In the above plots, we can see that while some datasets do not have any missing values, other datasets have significant sample values missing. These need to be addressed before training any models.

---

<b> 2.3 Examine feature correlations and distributions </b>

After inspecting any missing data, we can now continue the exploratory data analysis to see if any response features have significant differences for cases when loans are repaid as opposed to when loans are defaulted.








First create a function to create bar plots for each feature. 
Each figure contains the following- 

A) The total number of categories for each response feature

B) The fraction of each category with loan defaulted

In [None]:
def plot_bar_gen(feature, df = None, orientation_horizontal = True):
    
    if df is None:
        df = application_train
    else:
        df = df
    
    temp = df[feature].value_counts()
    df1 = pd.DataFrame({feature: temp.index,'Number of contracts': temp.values})
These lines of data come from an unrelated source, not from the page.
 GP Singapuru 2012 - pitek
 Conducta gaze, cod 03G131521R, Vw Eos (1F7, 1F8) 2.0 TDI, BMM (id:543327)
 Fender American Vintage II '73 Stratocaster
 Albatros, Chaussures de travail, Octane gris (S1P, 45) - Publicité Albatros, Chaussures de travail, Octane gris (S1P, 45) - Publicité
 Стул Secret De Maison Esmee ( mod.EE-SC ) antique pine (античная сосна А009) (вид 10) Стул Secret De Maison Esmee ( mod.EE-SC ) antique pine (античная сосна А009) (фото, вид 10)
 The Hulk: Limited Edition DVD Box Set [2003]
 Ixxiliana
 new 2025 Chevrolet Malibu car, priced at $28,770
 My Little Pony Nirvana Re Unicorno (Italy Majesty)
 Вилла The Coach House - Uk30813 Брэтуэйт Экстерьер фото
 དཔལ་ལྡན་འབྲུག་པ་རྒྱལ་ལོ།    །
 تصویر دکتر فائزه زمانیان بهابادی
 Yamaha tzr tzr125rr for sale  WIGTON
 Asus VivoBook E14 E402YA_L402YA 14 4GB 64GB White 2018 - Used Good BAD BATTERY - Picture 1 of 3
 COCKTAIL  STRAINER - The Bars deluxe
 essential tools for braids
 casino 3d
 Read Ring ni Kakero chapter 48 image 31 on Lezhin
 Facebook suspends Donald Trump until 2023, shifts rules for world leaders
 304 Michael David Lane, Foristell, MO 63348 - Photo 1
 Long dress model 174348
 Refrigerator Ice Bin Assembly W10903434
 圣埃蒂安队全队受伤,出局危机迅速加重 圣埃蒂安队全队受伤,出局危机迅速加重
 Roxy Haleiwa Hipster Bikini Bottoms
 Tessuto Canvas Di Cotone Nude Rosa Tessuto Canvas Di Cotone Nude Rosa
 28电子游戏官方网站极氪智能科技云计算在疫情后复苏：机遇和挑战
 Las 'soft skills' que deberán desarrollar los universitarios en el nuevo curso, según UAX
    # Calculate the percentage of target=1 per category value
    cat_perc = df[[feature, 'TARGET']].groupby([feature],as_index=False).mean()
    cat_perc.sort_values(by='TARGET', ascending=False, inplace=True)
    
    sns.set_color_codes("colorblind")
    
    if orientation_horizontal == True:
        plt.figure(figsize=(15,5))
        plt.subplot(121)
        s1 = sns.barplot(y = feature, x="Number of contracts",data=df1)
        plt.subplot(122)
        s2 = sns.barplot(y = feature, x='TARGET', data=cat_perc)
        plt.xlabel('Fraction of loans defaulted', fontsize=12)
        plt.ylabel(feature, fontsize=12)
        
    else:
        plt.figure(figsize=(10,18))
        plt.subplot(211)
        s1 = sns.barplot(x = feature, y="Number of contracts",data=df1)
        s1.set_xticklabels(s1.get_xticklabels(),rotation=90)
        plt.subplot(212)
        s2 = sns.barplot(x = feature, y='TARGET', data=cat_perc)
        s2.set_xticklabels(s2.get_xticklabels(),rotation=90)
        plt.ylabel('Fraction of loans defaulted', fontsize=12)
        plt.xlabel(feature, fontsize=12)
    
    plt.tick_params(axis='both', which='major', labelsize=12)
    plt.subplots_adjust(wspace = 0.6)
    plt.show();

For the feature, type of contract, we see that there are more cash loans taken than revolving loans and they are also more defaulted.

In [None]:
plot_bar_gen('NAME_CONTRACT_TYPE')

For the feature, gender, we see that there are more loans taken by males and they are also more defaulted by them.

In [None]:
plot_bar_gen('CODE_GENDER')

For the feature, owning car, we see that there are more loans taken by those without car and they are also more defaulted by them.

In [None]:
plot_bar_gen('FLAG_OWN_CAR')

For the feature, owning realty, we see that there are more loans taken by those with realty and they are defaulted slightly more by those without realty.

In [None]:
plot_bar_gen('FLAG_OWN_REALTY')

For the feature, family status, we see that there are more loans taken by those who are married and they are more defaulted by those who are in a civil marriage/single

In [None]:
plot_bar_gen('NAME_FAMILY_STATUS')

For the feature, income type, we see that there are more loans taken by those who are working and they are more defaulted by those who are on maternity leave or unemployed

In [None]:
plot_bar_gen('NAME_INCOME_TYPE')

For the feature, children count, we see that there are more loans taken by those who have fewer children and they are more defaulted by those who have more children

In [None]:
plot_bar_gen('CNT_CHILDREN',None,False)

For the feature, family member count, we see that there are more loans taken by those who have fewer family member and they are more defaulted by those who have more members

In [None]:
plot_bar_gen('CNT_FAM_MEMBERS',None,False)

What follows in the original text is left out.